**** DATA TO PROCESS ****

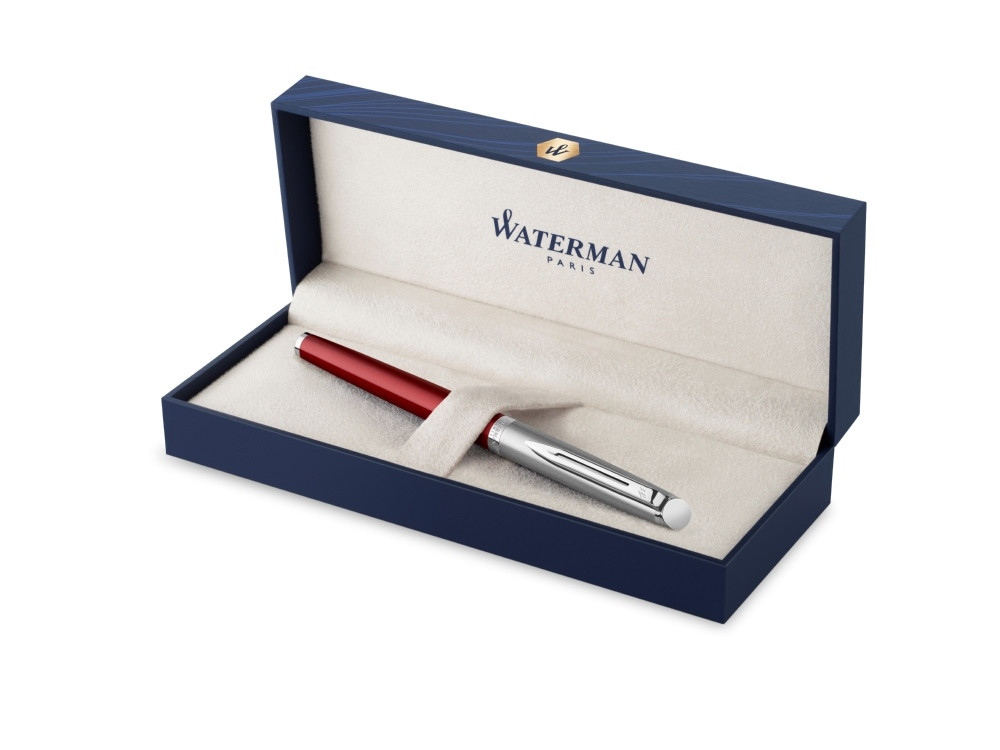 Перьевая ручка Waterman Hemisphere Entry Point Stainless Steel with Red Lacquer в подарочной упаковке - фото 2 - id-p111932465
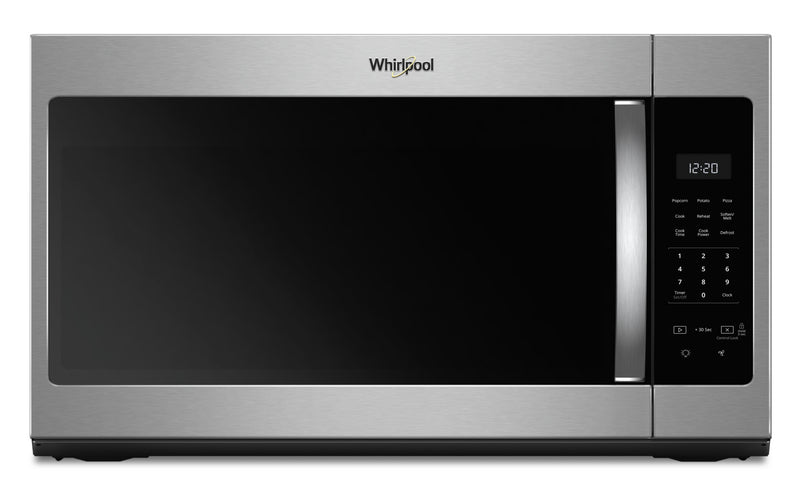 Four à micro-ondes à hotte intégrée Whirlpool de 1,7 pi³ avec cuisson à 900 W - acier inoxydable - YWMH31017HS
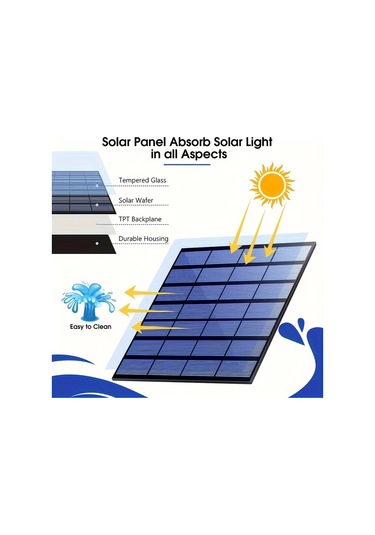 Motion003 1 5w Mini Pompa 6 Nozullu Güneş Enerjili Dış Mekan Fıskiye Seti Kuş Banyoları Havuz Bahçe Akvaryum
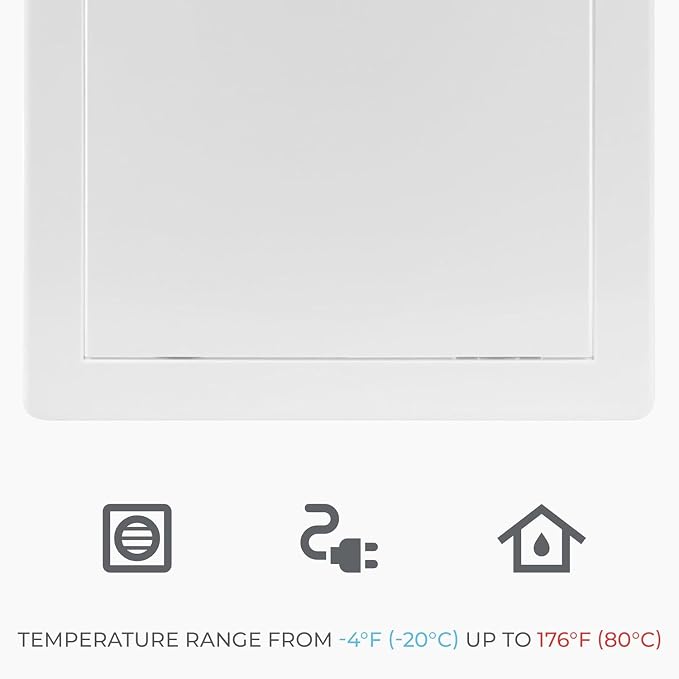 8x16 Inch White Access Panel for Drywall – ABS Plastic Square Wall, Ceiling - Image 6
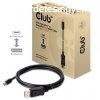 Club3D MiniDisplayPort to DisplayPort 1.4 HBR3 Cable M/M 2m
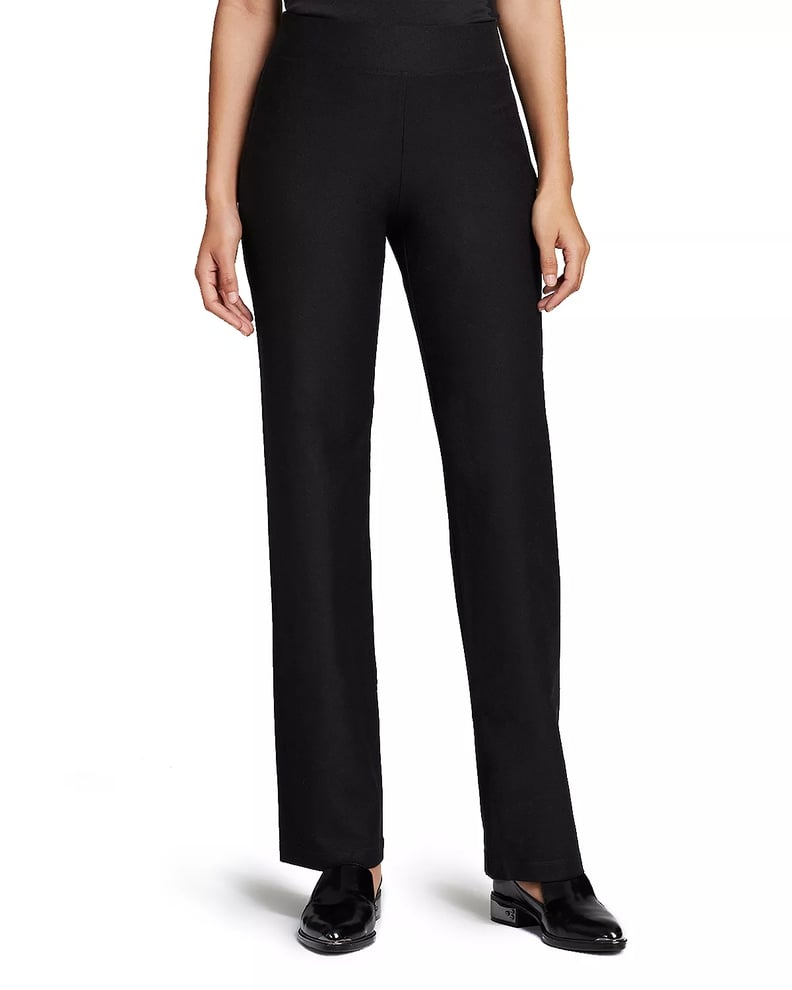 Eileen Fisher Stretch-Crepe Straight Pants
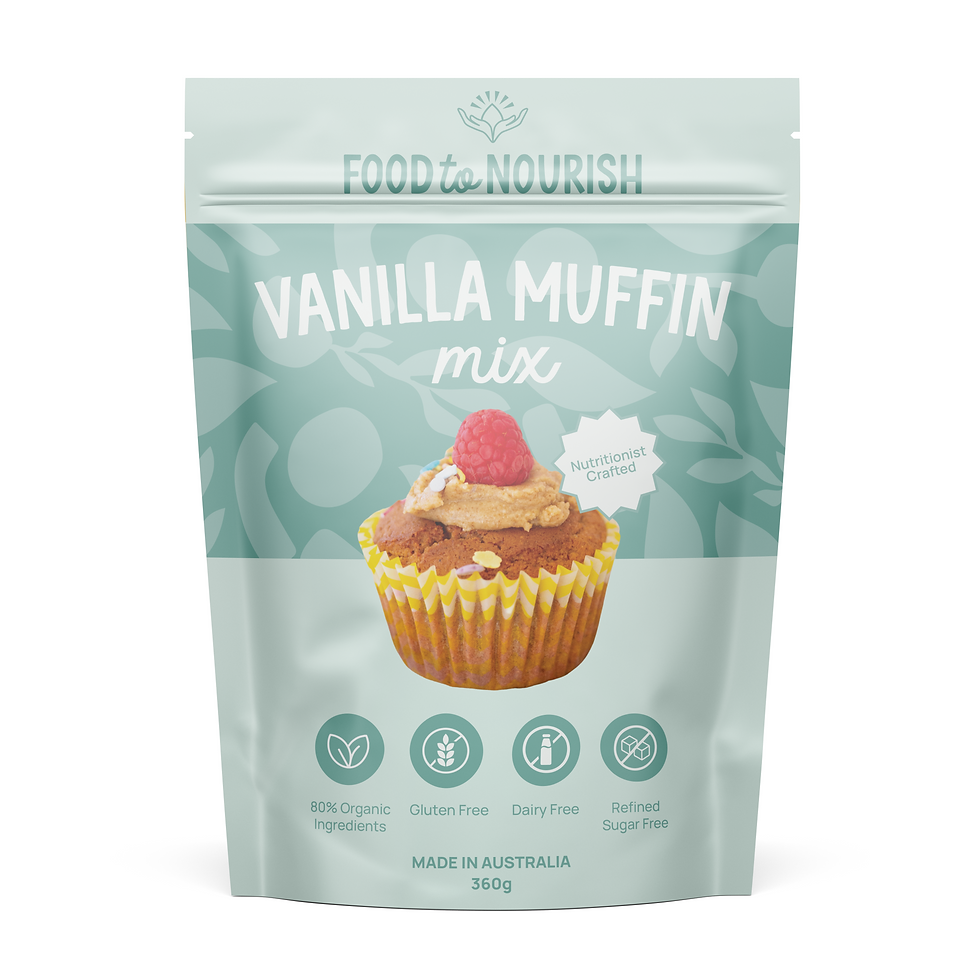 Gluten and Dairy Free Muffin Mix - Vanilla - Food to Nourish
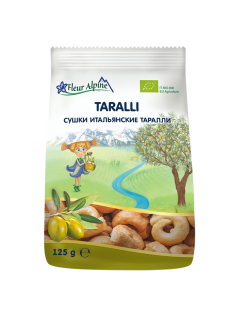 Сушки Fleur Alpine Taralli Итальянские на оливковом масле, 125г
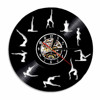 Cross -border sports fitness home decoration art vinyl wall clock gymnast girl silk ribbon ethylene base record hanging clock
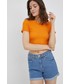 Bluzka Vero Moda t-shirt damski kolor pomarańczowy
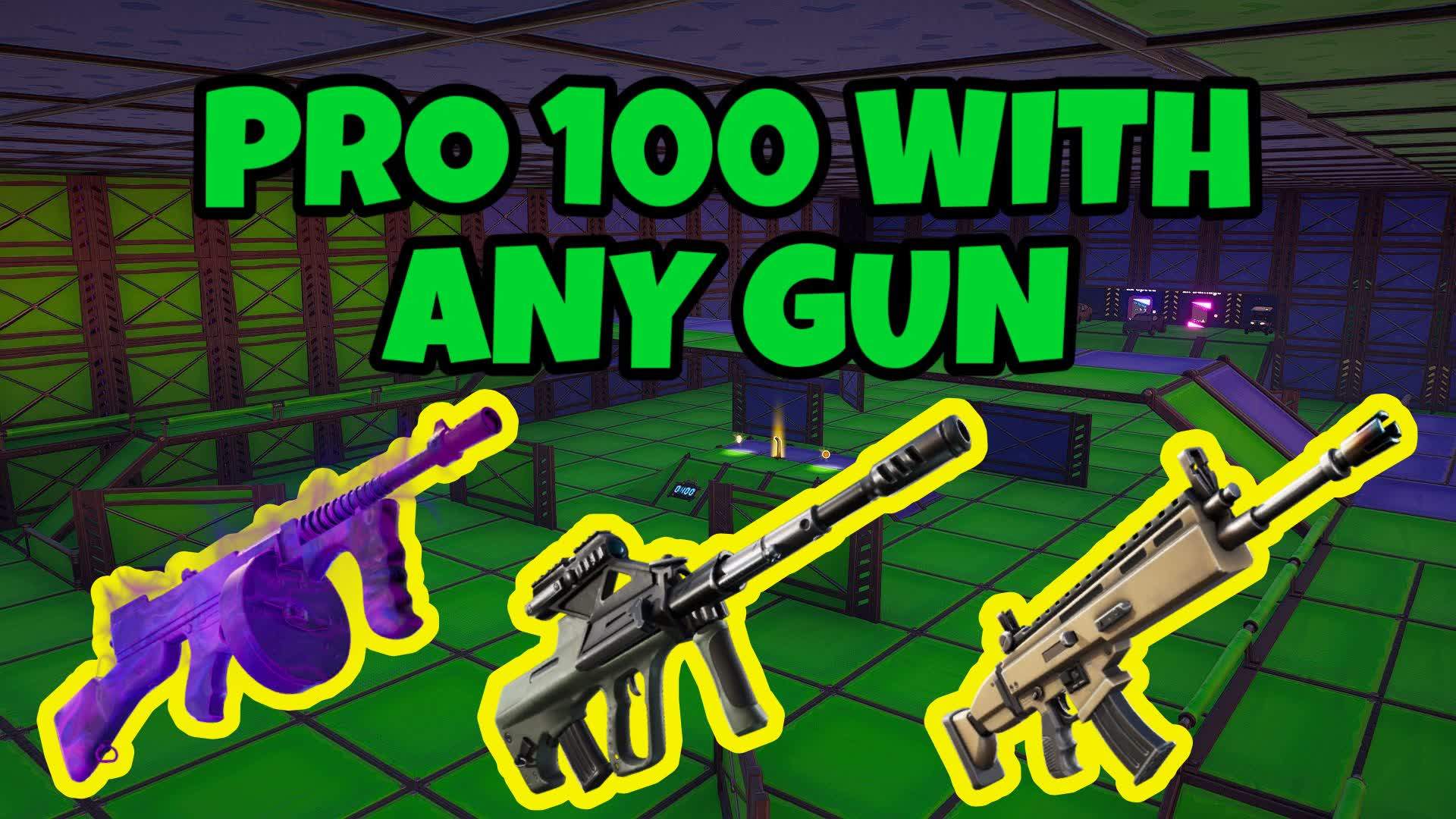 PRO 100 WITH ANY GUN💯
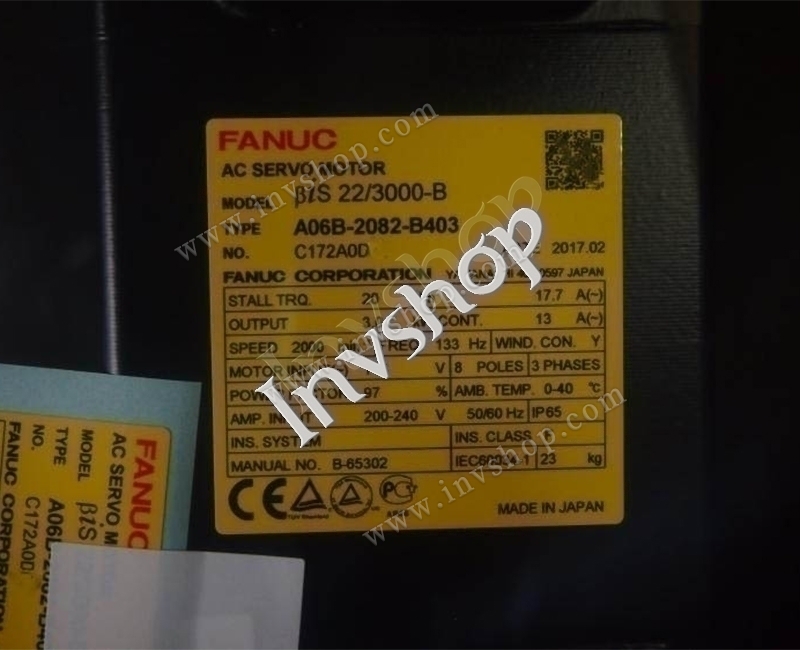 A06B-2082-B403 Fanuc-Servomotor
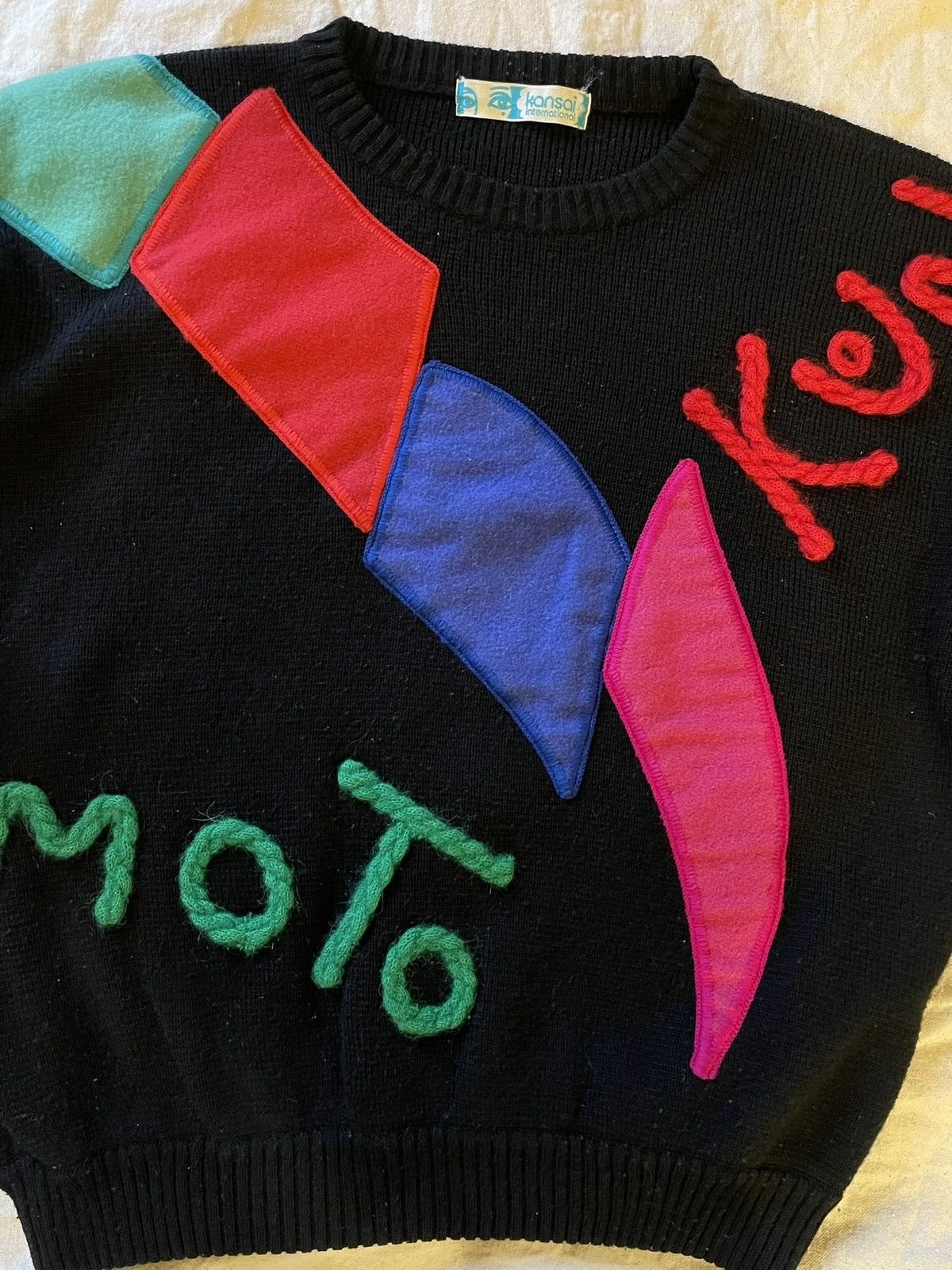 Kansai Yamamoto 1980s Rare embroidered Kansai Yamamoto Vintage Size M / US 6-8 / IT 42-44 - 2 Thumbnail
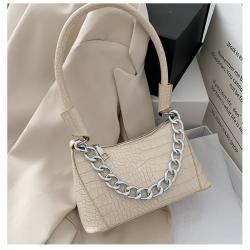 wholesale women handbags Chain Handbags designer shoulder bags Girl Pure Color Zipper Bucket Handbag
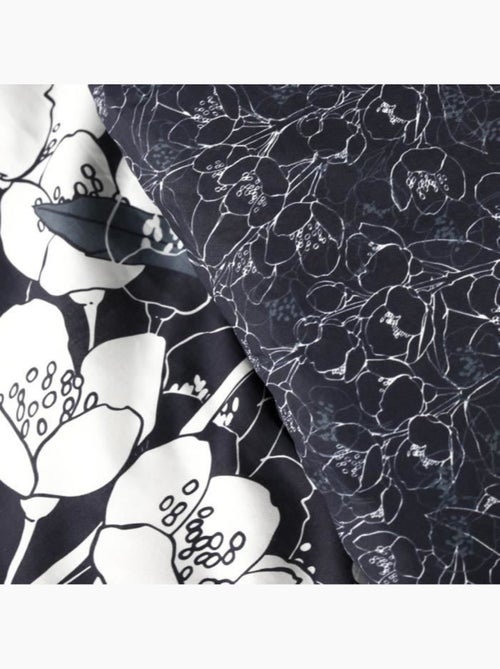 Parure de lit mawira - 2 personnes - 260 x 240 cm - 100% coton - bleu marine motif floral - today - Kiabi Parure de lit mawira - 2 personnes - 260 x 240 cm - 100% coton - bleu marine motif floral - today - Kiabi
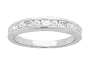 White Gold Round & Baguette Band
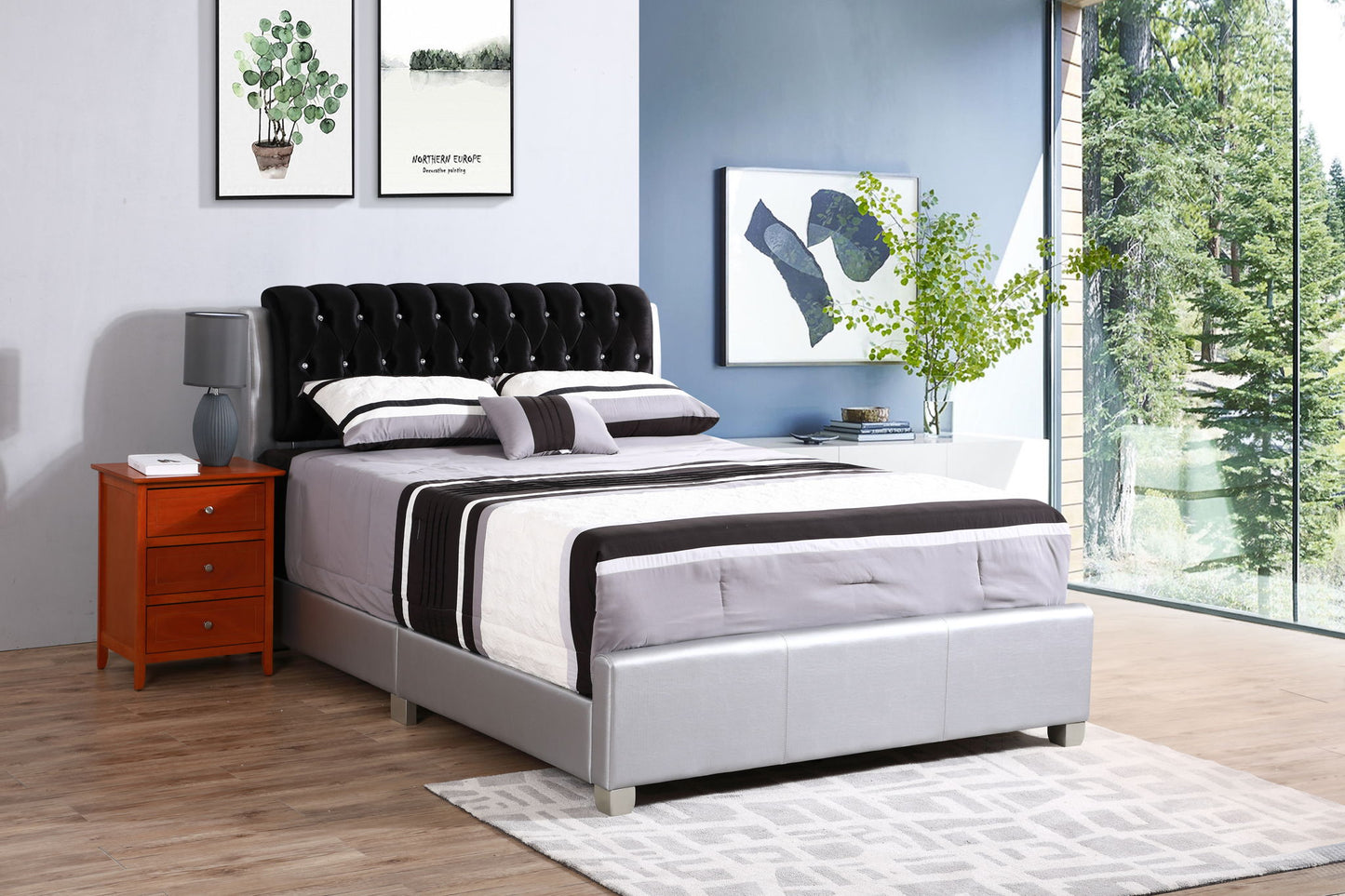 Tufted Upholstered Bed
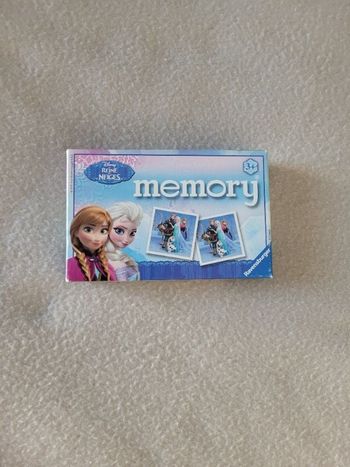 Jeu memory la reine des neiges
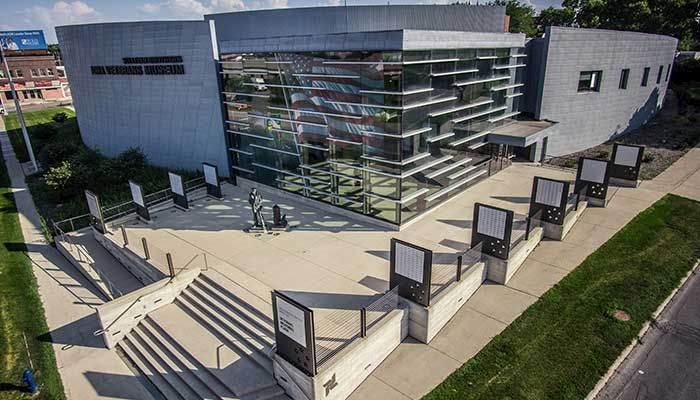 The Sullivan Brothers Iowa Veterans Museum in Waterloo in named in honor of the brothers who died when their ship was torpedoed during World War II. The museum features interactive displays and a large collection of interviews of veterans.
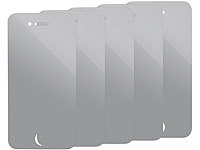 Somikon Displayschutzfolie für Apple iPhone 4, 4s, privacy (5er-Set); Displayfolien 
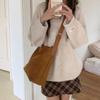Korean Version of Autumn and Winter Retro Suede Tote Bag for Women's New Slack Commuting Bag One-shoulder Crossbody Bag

****

■ **WHAT YOU WILL DO**:
What is needed is an exact copy of the lines from the one with "Eileen Fisher Stretch-Crepe Straight Pants" through the end of the data above, both included, minus any pictures.

■ **RESULT**:
 Eileen Fisher Stretch-Crepe Straight Pants
 Gluten and Dairy Free Muffin Mix - Vanilla - Food to Nourish
 Сушки Fleur Alpine Taralli Итальянские на оливковом масле, 125г
 Cross -border sports fitness home decoration art vinyl wall clock gymnast girl silk ribbon ethylene base record hanging clock
 Bluzka Vero Moda t-shirt damski kolor pomarańczowy
 PRO 100 WITH ANY GUN💯
 A06B-2082-B403 Fanuc-Servomotor
 Kansai Yamamoto 1980s Rare embroidered Kansai Yamamoto Vintage Size M / US 6-8 / IT 42-44 - 2 Thumbnail
 wholesale women handbags Chain Handbags designer shoulder bags Girl Pure Color Zipper Bucket Handbag
 Parure de lit mawira - 2 personnes - 260 x 240 cm - 100% coton - bleu marine motif floral - today - Kiabi Parure de lit mawira - 2 personnes - 260 x 240 cm - 100% coton - bleu marine motif floral - today - Kiabi
 White Gold Round & Baguette Band
 Tufted Upholstered Bed
 Jeu memory la reine des neiges
 The Sullivan Brothers Iowa Veterans Museum in Waterloo in named in honor of the brothers who died when their ship was torpedoed during World War II. The museum features interactive displays and a large collection of interviews of veterans.
 Somikon Displayschutzfolie für Apple iPhone 4, 4s, privacy (5er-Set); Displayfolien 
Korean Version of Autumn and Winter Retro Suede Tote Bag for Women's New Slack Commuting Bag One-shoulder Crossbody Bag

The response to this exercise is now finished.